Materialized Views — Precomputed Query Results for Fast Reads at Scale
What is a materialized view?#
A materialized view is a precomputed query result stored as a physical table. Unlike a regular (virtual) view that re-executes the query on every access, a materialized view holds the data on disk and serves reads directly — no computation required at query time.
The tradeoff: you pay storage and maintenance cost in exchange for dramatically faster reads.
Materialized views vs virtual views#
| Aspect | Virtual view | Materialized view |
|---|---|---|
| Storage | None — query runs each time | Physical table on disk |
| Read latency | Depends on query complexity | Near-instant (table scan) |
| Staleness | Always fresh | Can be stale until refreshed |
| Write overhead | None | Maintenance cost on source changes |
| Use case | Abstraction, access control | Dashboards, analytics, read-heavy APIs |
Virtual views are aliases for queries. Materialized views are caches with structure.
Full refresh vs incremental maintenance#
Full refresh#
The simplest approach: drop the materialized view contents and recompute from scratch.
REFRESH MATERIALIZED VIEW monthly_revenue;
This works for small datasets or infrequent updates. For a 100-million-row aggregation, full refresh can take minutes and block reads (unless you use CONCURRENTLY in PostgreSQL).
Incremental maintenance#
Instead of recomputing everything, incremental maintenance applies only the delta — the rows that changed since the last refresh.
The database tracks insertions, updates, and deletions on source tables. When a refresh is triggered, it:
- Identifies changed rows using change tracking or triggers
- Computes the effect of those changes on the materialized result
- Applies the delta to the existing materialized data
Incremental maintenance is orders of magnitude faster for large datasets with small change rates. Oracle and SQL Server have supported it for decades. PostgreSQL does not natively support incremental refresh — you need extensions like pg_ivm or application-level logic.
CQRS and read models#
Command Query Responsibility Segregation (CQRS) separates write operations from read operations. The write side processes commands and emits events. The read side consumes those events and builds optimized read models — which are, conceptually, materialized views.
How CQRS read models work#
- A command modifies the write model (normalized, optimized for writes)
- An event is published describing the change
- A read-model projector consumes the event and updates a denormalized read store
- Queries hit the read store directly — no joins, no aggregations at query time
Each read model is tailored to a specific query pattern. An e-commerce system might maintain separate read models for product listings, order histories, and inventory dashboards — each shaped differently from the same source events.
Benefits of CQRS read models#
- Independent scaling — read and write stores can scale separately
- Query-optimized shapes — each read model matches its access pattern exactly
- Technology freedom — the read store can be Elasticsearch, Redis, DynamoDB, or anything else
- Eventual consistency — the tradeoff; read models lag behind writes by the event processing delay
Denormalized views#
Denormalization precomputes joins by embedding related data directly into the materialized result. Instead of joining orders, customers, and products at query time, the denormalized view stores a flat row with all fields.
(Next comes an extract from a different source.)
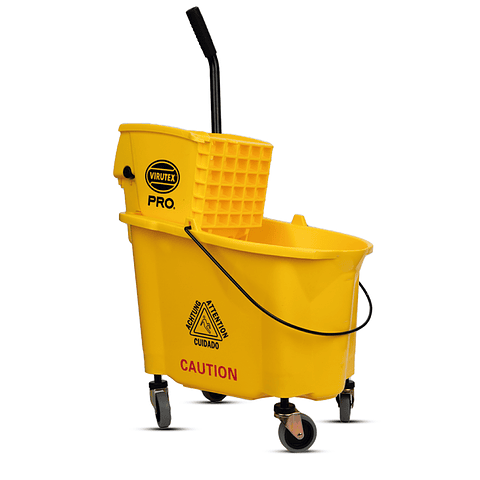 Virutex Pro - Carro Estrujador de 36 Litros para Mopas Industriales - Amarillo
Common denormalization patterns:
- Embedded references — store the customer name and email alongside each order row
- Pre-aggregated summaries — store daily totals instead of computing from individual transactions
- Nested documents — in document stores, embed related arrays (e.g., order items inside the order)
The cost is data duplication and increased write amplification. Every source change may require updating multiple denormalized rows.
Streaming materialized views#
Traditional materialized views are refreshed on a schedule or on demand. Streaming materialized views update continuously as source data changes — the view is never stale.
ksqlDB#
ksqlDB creates materialized views over Kafka topics using SQL syntax:
CREATE TABLE order_totals AS
SELECT customer_id, SUM(amount) AS total_spent
FROM orders_stream
GROUP BY customer_id
EMIT CHANGES;
The order_totals table updates in real time as new events arrive on the orders_stream topic. Applications query it via pull queries for point lookups or push queries for streaming results.
Materialize#
Materialize is a streaming database that maintains SQL materialized views over change streams (Kafka, PostgreSQL CDC, S3). It uses differential dataflow to incrementally maintain complex queries including joins, aggregations, and temporal windows.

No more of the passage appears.